DES MOINES, Iowa — The numbers are stark for Donald Trump. Down in Colorado, Virginia and North Carolina.
Hillary Clinton is starting to spend a little money in Georgia and Arizona, states that any Republican running for president ought to be able to count on.
The road to 270 electoral votes — the threshold to clinch the presidency — increasingly looks to be a series of uphill climbs and dead ends for Trump in the usual collection of most competitive states.
The GOP nominee needs a place to reset the electoral map, and stops this past week in Michigan and Pennsylvania suggest he’s looking at the industrial heartland states on the Great Lakes. It’s a part of the country where he has said he can compete with Democrat Hillary Clinton.
Trump will find the going there no easier than anywhere else.
“Trump has to start making some moves,” said Stephan Thompson, a senior adviser to Gov. Scott Walker, R-Wis. “We need to see a positive week out of him to create a positive trajectory. You’re not seeing that anywhere, whether it’s in Wisconsin, Ohio or elsewhere.”
With three months to go until the Nov. 8 vote, the map for Trump is foreboding.
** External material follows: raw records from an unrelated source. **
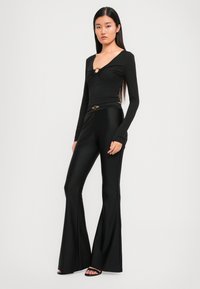 Black fitted long-sleeve top with a V-neck and gold ring detail. Paired with flared black pants featuring a shiny texture and gold belt accent.
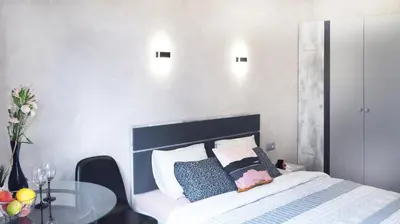 Łóżko lub łóżka w pokoju w obiekcie Art Apartments II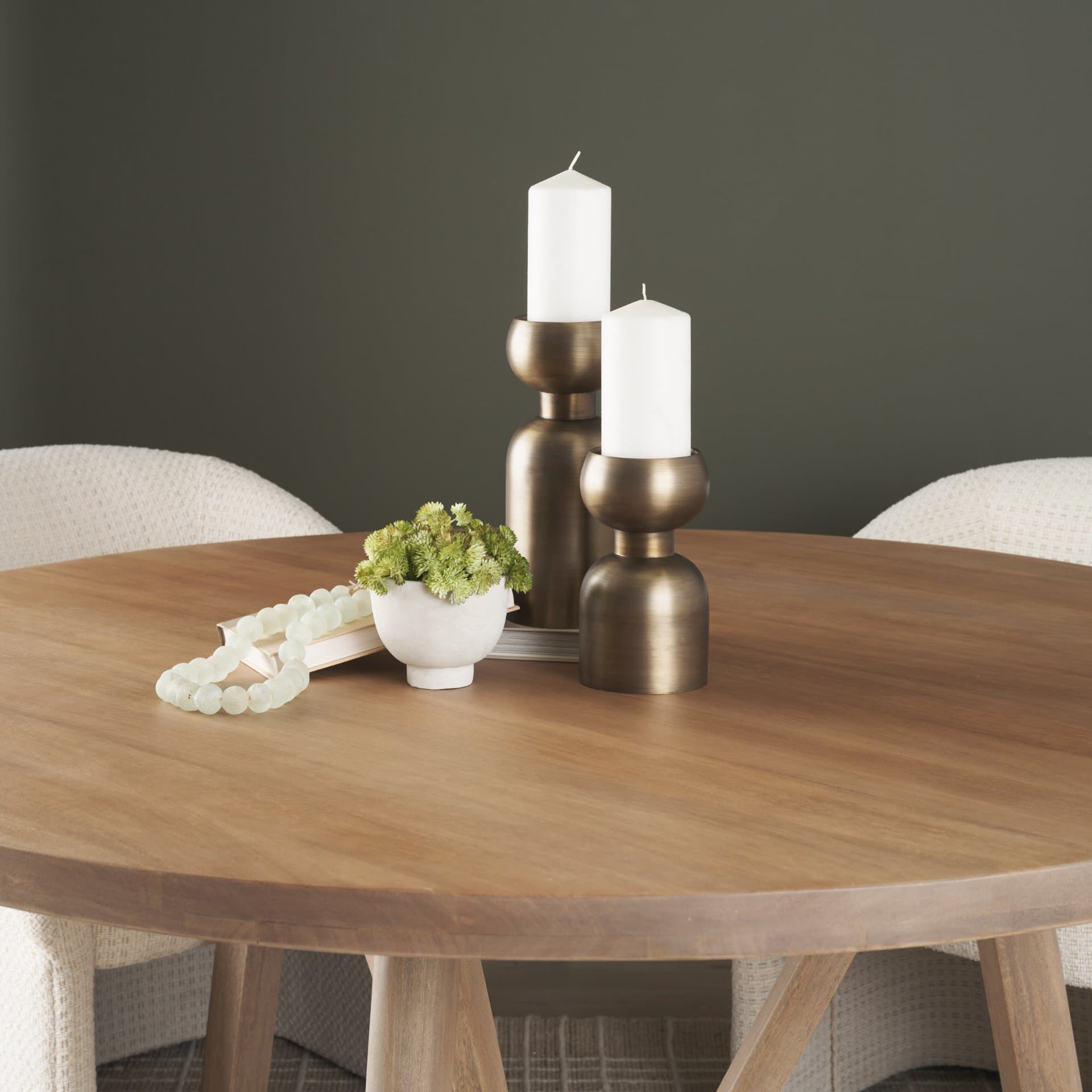 Pelar Large Antiqued Brass Stacked Pillar Candle Holder — in a styled room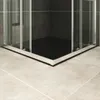 A close-up view of a modern shower cabin corner with a black shower tray and tiled walls, set against a tiled floor. Produktbild-Vorschau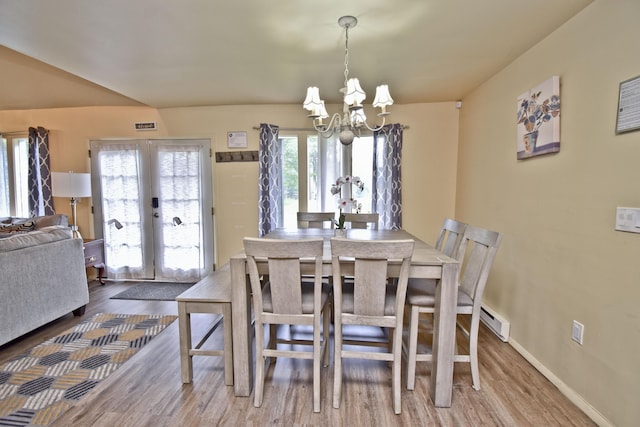 594 Sullivan Trl, Long Pond, PA 18334 - dining area with french doors, a chandelier, and wood finished floors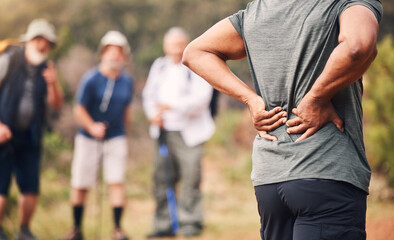 Man with back pain, exercise injury and outdoor hiking, spine and health, muscle tension and...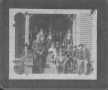 Primary view of [A group of young men and women posed on the steps of a house.]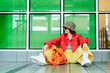 © okrasiuk - Hipster young woman in bright clothes, sun glasses, backpack bag and bucket hat posing while sitting near green glass wall background. Urban city street fashion. Fashion blogger. Selective focus.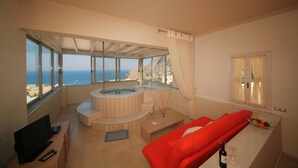 Una sala de estar moderna con un ventanal grande, un jacuzzi y un sofá rojo.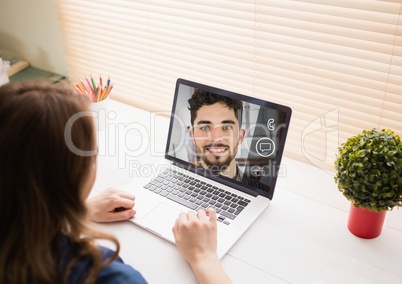 Woman having a video call with her colleague on laptop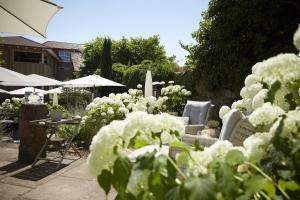 un jardín con flores blancas, sillas y sombrillas en Die Reichsstadt - Hotel Spa und Restaurant, en Gengenbach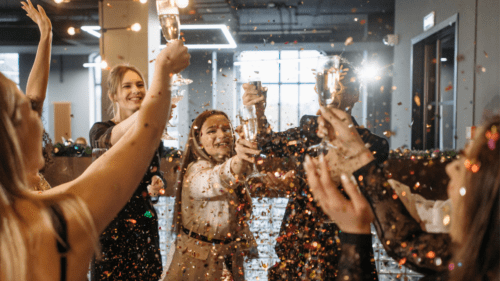 People toasting and celebrating a proposal.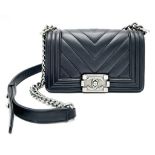 A Chanel Black Leather Boy Bag. Chevron decorative soft black leather with an antique style/finish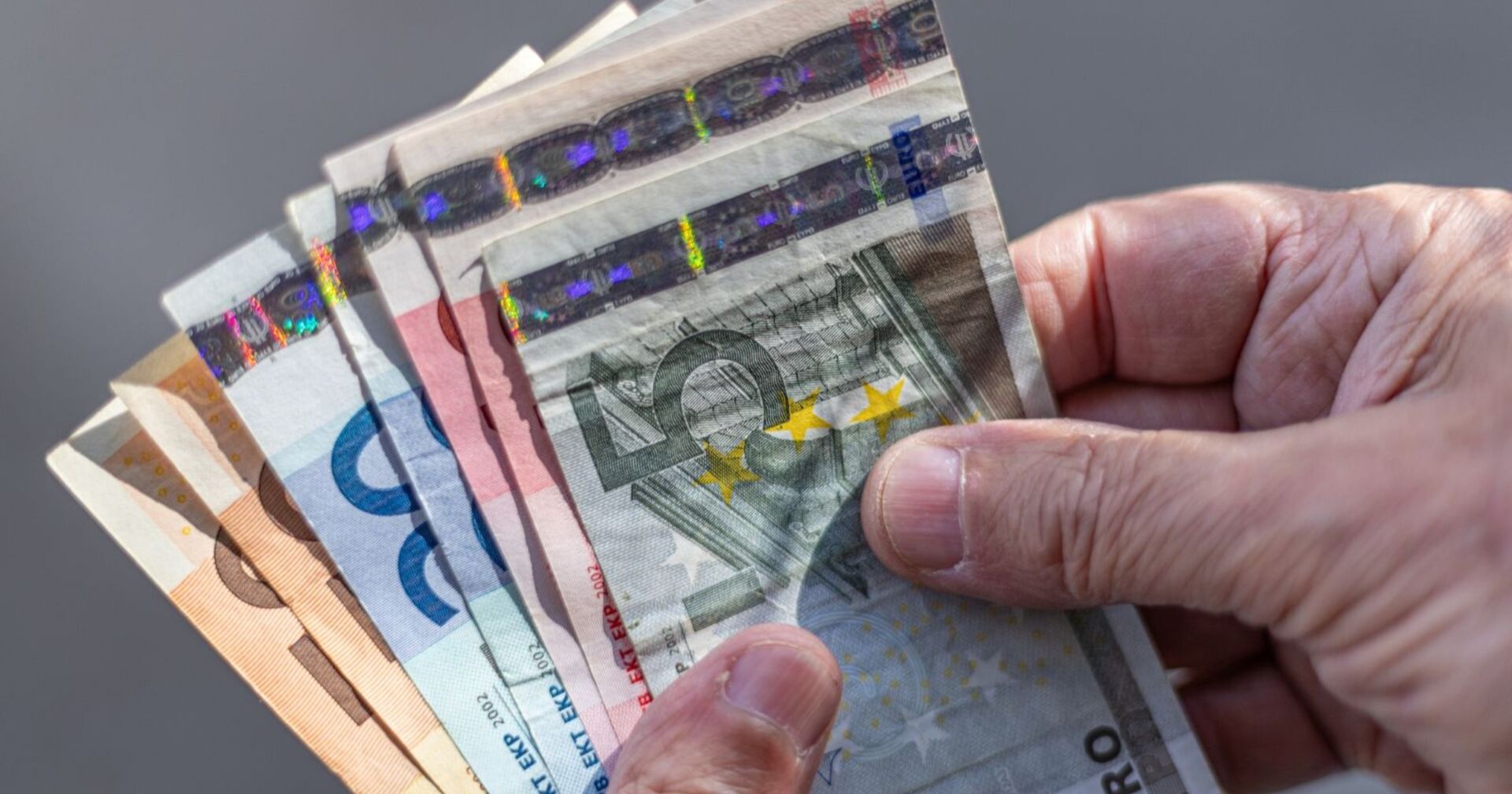 Alt-Text: Hände einer älteren Person halten mehrere Euro-Banknoten; symbolisch für Pensionen, Geldwert und soziale Absicherung im Alter.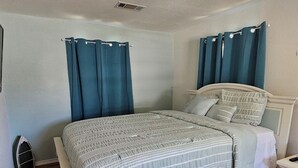 Een slaapkamer met een bed, gordijnen, een nachtkastje en een klein kastje.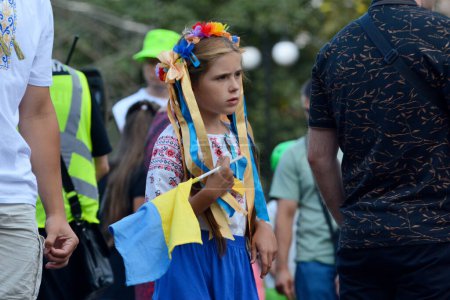 Téléchargez les photos : Une fille portant vyshyvanka et une couronne passent devant un véhicule blindé russe détruit exposé sur la rue Khreshchatyk le jour de l'indépendance de l'Ukraine, le 24 août 2023 à Kiev, en Ukraine. - en image libre de droit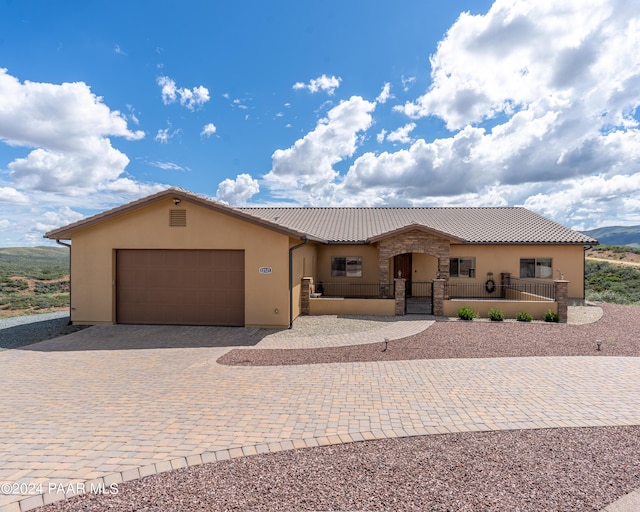 view of front of home featuring a garage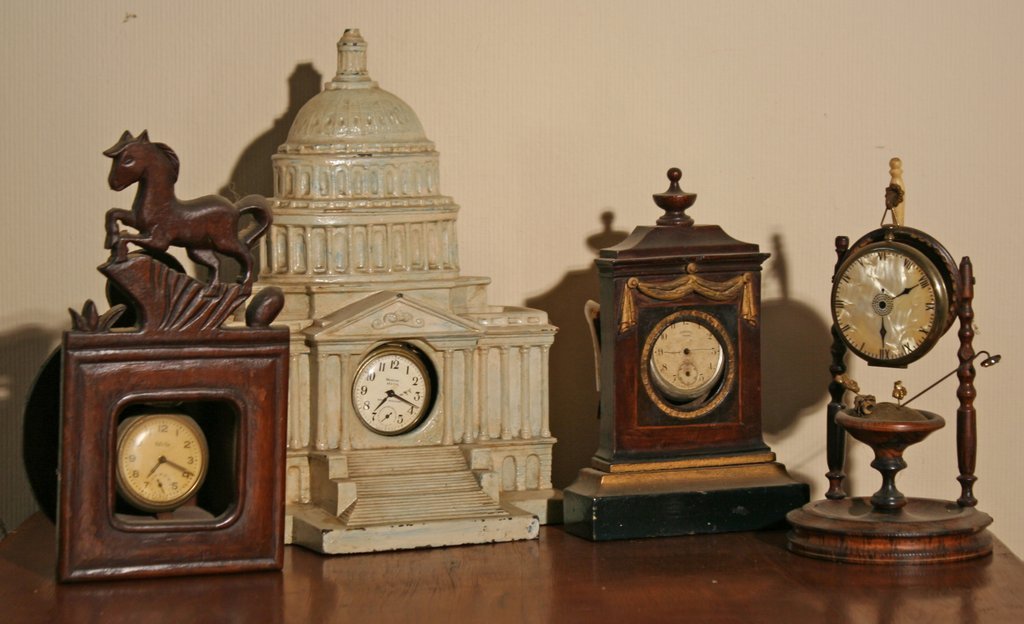 371) 4 WATCH HUTCHES: one in cast iron of the: Capitol building, H: 9 ½", one carved wood crested with a horse, one in the form of a bracket clock with Lincoln drapery, and the last with a turned fount and spindle sides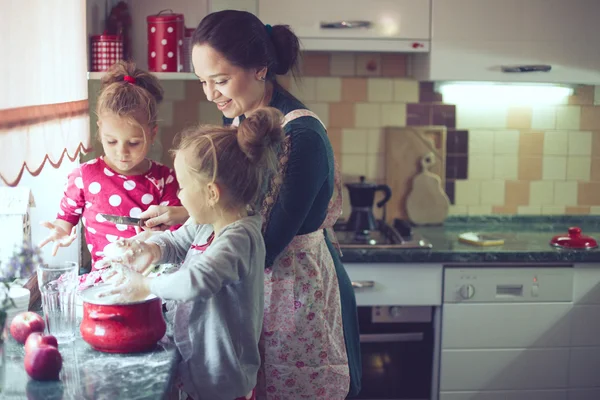 Mother with kids at the kitchen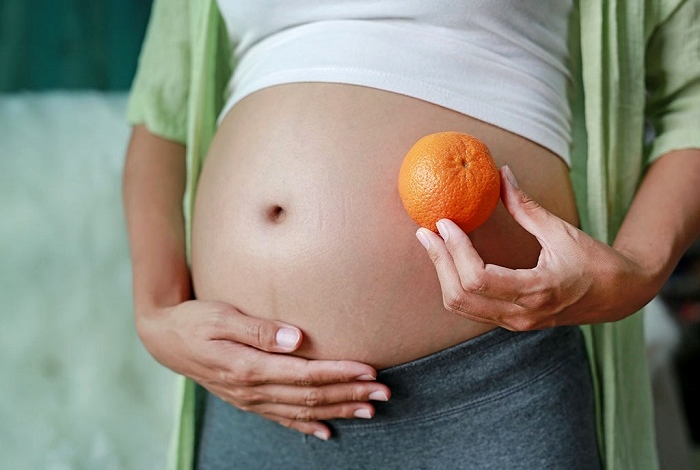 Беременная с мандарином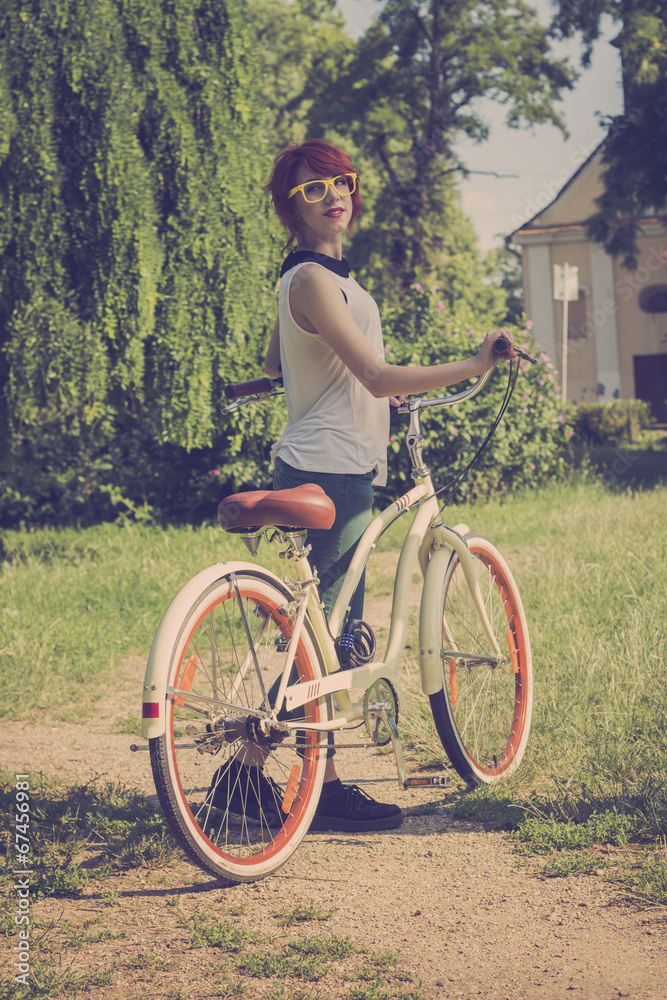 Obraz premium Hipster girl with her vintage bicycle, enjoying beautiful sunny
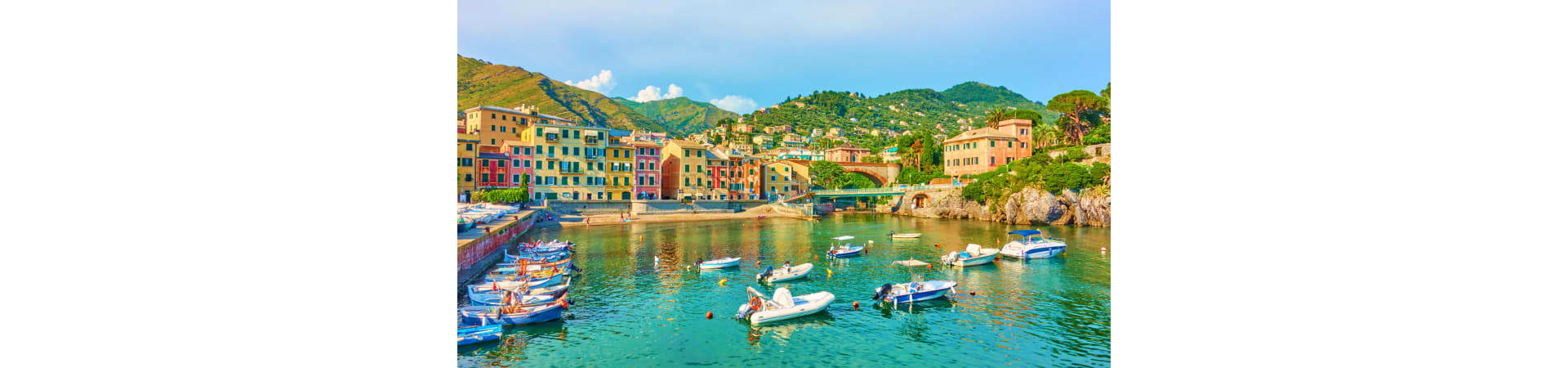 Colorful waterfront village with boats in turquoise water, hillside buildings, and green mountains, Cinque Terre Italy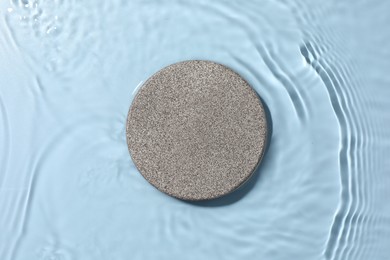 Presentation for product. Stone podium in water on light blue background, top view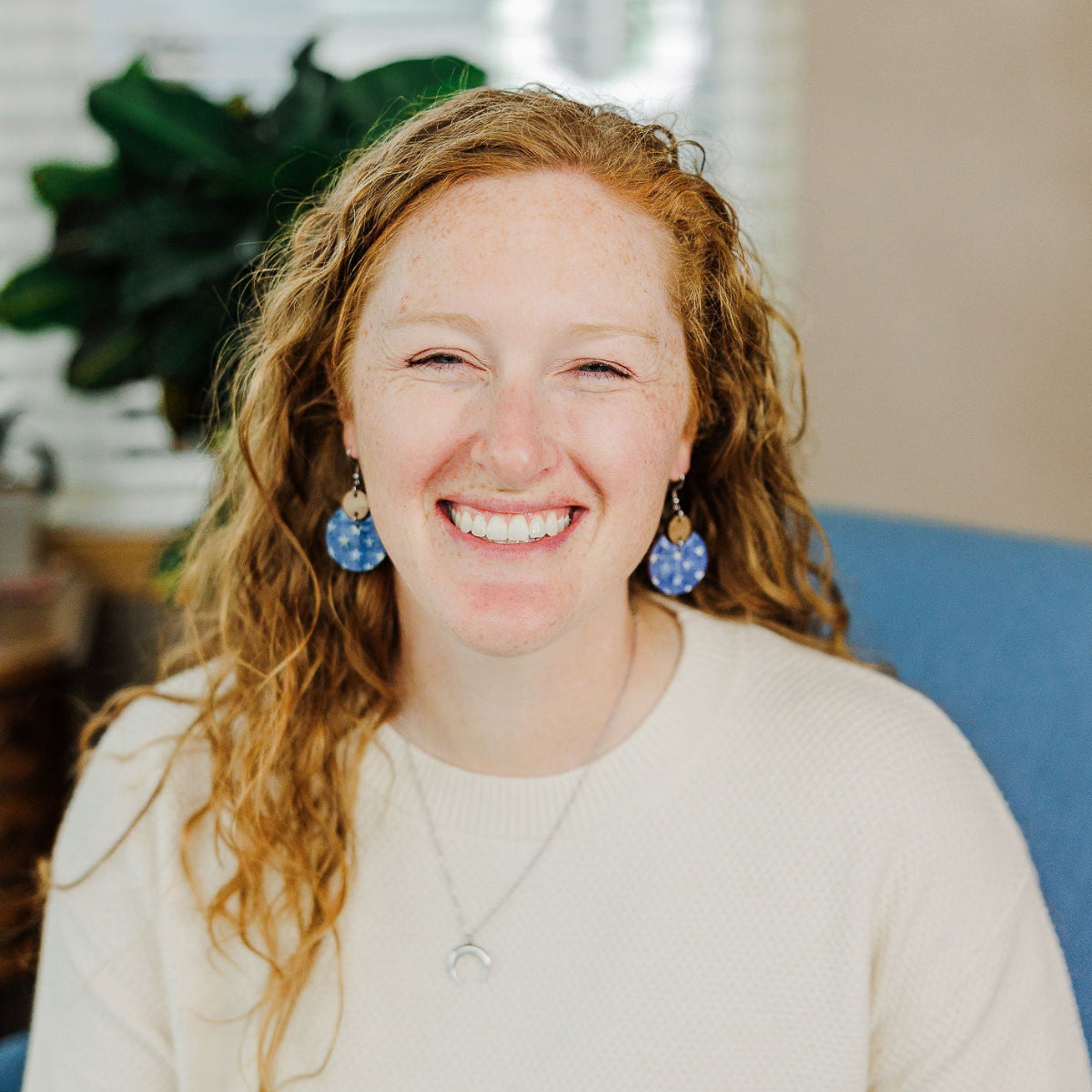 Woman wearing a creek+elm earring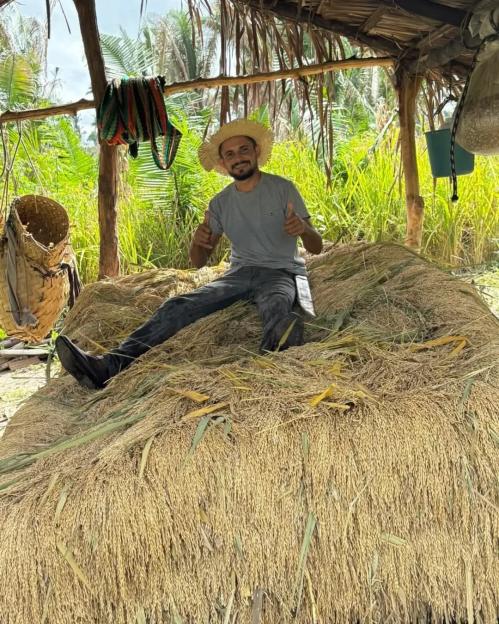 Reinaldo da Silva Melo, the "King of Juquira" influencer, sitting on a pile of harvested grain.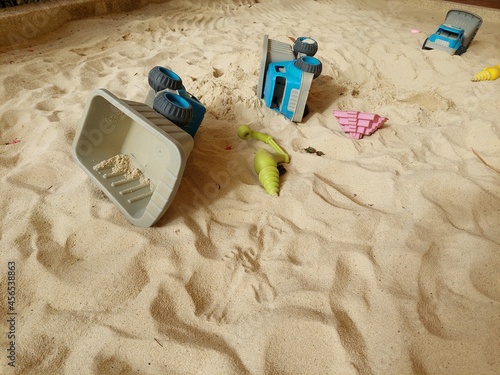 Bild auf Leinwand colorful and various plastic tools in the sandpit for children to play all the t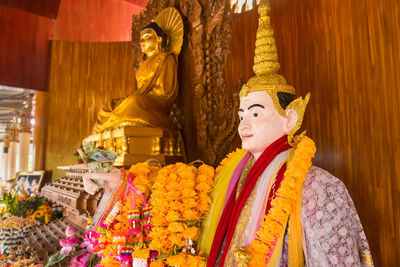 Buddha statue in front of temple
Early voting will not begin until next month, giving people ample opportunity to change their minds. But Clinton has a clear advantage in national and state preference polls at a critical moment in the campaign — after the conventions and as voters start paying serious attention to the race.
If Clinton claims states such as Colorado, Virginia and North Carolina, where recent polls suggest she has a significant lead, Trump would need to win most of the states bordering one of the Great Lakes to have any chance at reaching 270.
That’s provided he wins in Florida. A loss there, and he’ll need to sweep all but Illinois and New York, states firmly in Clinton’s column.
Right now, Trump doesn’t have a lead in any of the states where he will need to win and where recent polling exists, and in several states, he’s significantly behind Clinton.
Trump in running against history, too.
While Ohio has tipped back and forth in recent decades, a Republican presidential nominee has not carried Wisconsin since 1984, and Pennsylvania or Michigan since 1988. It was in Michigan where Trump delivered his indictment this past week of trade measures enacted under recent Democratic presidents, especially the North American Free Trade Agreement.
“Every policy that has failed this city and so many others is a policy supported by Hillary Clinton,” Trump told the Detroit Economic Club. “Trade deals like NAFTA, signed by her husband, that have shipped your jobs to Mexico and other countries.”
Clinton is quietly banking that voters once angry about NAFTA have accepted it or have retired since the pact was enacted two decades ago. She opposes the Trans-Pacific Partnership, an Asian trade agreement she backed as secretary of state, but said at her own Michigan event this past week that “the answer is not to rant and rave and cut ourselves off from the world.”
Paul Maslin, a Democratic pollster in Wisconsin, said, “People have moved beyond trade, and fixing some old problem. They actually look for and respond more to future plans.”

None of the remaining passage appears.